Movies, Books, Politicians the Water Bottle is Under Siege
Posted: April 26th, 2010 | Author: Linkguru | Filed under: Uncategorized | Tags: water bottle |Bring a plastic water bottle to your own hazard; the tide of public perspective is coming back down against you. From top rating documentaries, to the written word and campaigns, the red hot topic in town is the horror of bottled water and the waste of resources the industry creates.
The production, transportation and disposal of water in petrochemical plastic bottles eats up huge quantities of water along with energy, and generates large amounts of greenhouse gases and waste.
Director of the recent documentary ‘Tapped: get off the bottle’ Stephanie Soechtig says “1500 water bottles end up in landfill every second – that’s 30 million water bottles a day! We wanted to show people just how much waste is generated by bottled water.” The team of Tapped are publicizing the movie with their across-America roadshow, taking donations from people to reduce their water bottle numbers and exchanging their empty plastic water bottle for a reusable stainless steel bottle. Download Tapped from Amazon or iTunes.
A short film ‘The Story of Bottled Water’ was released on World Water Day in March. By Annie Leonard of the critically acclaimed ‘The Story of Stuff’, this short animation shows the process that amounts to conning Americans into purchasing at least five hundred million bottles of water each week, as opposed to a few cents cost for water from the tap. Find her documentary on You Tube.

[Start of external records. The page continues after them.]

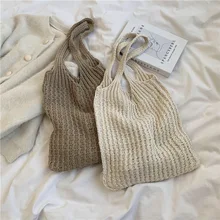 Wool Knitted Shoulder Bag for Women Vintage Fashion Cotton Cloth Girls Tote Shopper Bag Large Female Handbag Shopping Bag
Wool Knitted Shoulder Bag for Women Vintage Fashion Cotton Cloth Girls Tote Shopper Bag Large Female Handbag Shopping Bag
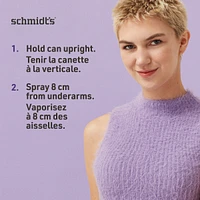 Schmidt's  Natural Deodorant Spray for women and men, Lavender & Sage with 48H odour protection, no aluminum salts, no white marks, cruelty-free, vegan deodorant 91 g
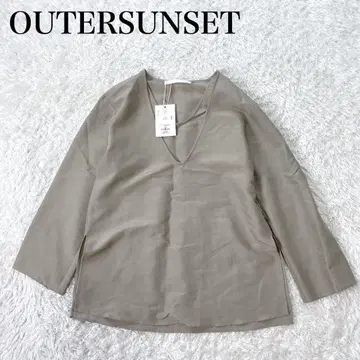 새상품급 아우터 선셋 린넨 레이어드 블라우스 세탁 가능 최근 모델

Through her book ‘Bottlemania’, author Elizabeth Royte demonstrates one of the monumental marketing tricks of the last century and provides a super environmental wakeup call. She investigates the problems we must inevitably understand. Who appropriates the water supply? What could happen when a bottled-water factory seizes your town’s source? Is the water that comes from your tap entirely safe? What is the environmental footprint of producing, transporting and disposal of one plastic water bottle?
Politicians from all around the international community are realising that they have to take action – notably when the meetings in which they work are huge consumers of bottled water. How often do we view a politician in a political debate drinking from a water bottle. Why can’t they can find a water glass in Parliament House.
Leslie Samuelrich of Corporate Accountability International, stated “Cities and states are spending hundreds of millions of taxpayer dollars on bottled water, and that’s not to mention what’s spent to deal with all the plastic bottles that are thrown out.”
In July 2009, the NSW rural town of Bundanoon became the first place in Australia to prohibited the retailing of bottled water. Around 60 towns in the American states and a handful of places in Canada and the UK have at this point ceased expending taxpayer holdings on bottled water.
It is doubtless that these problems will be tabled during World Water Week 2010 from September 5 to 11 in Stockholm, Sweden, the annual meeting for the world’s most urgent water-related events.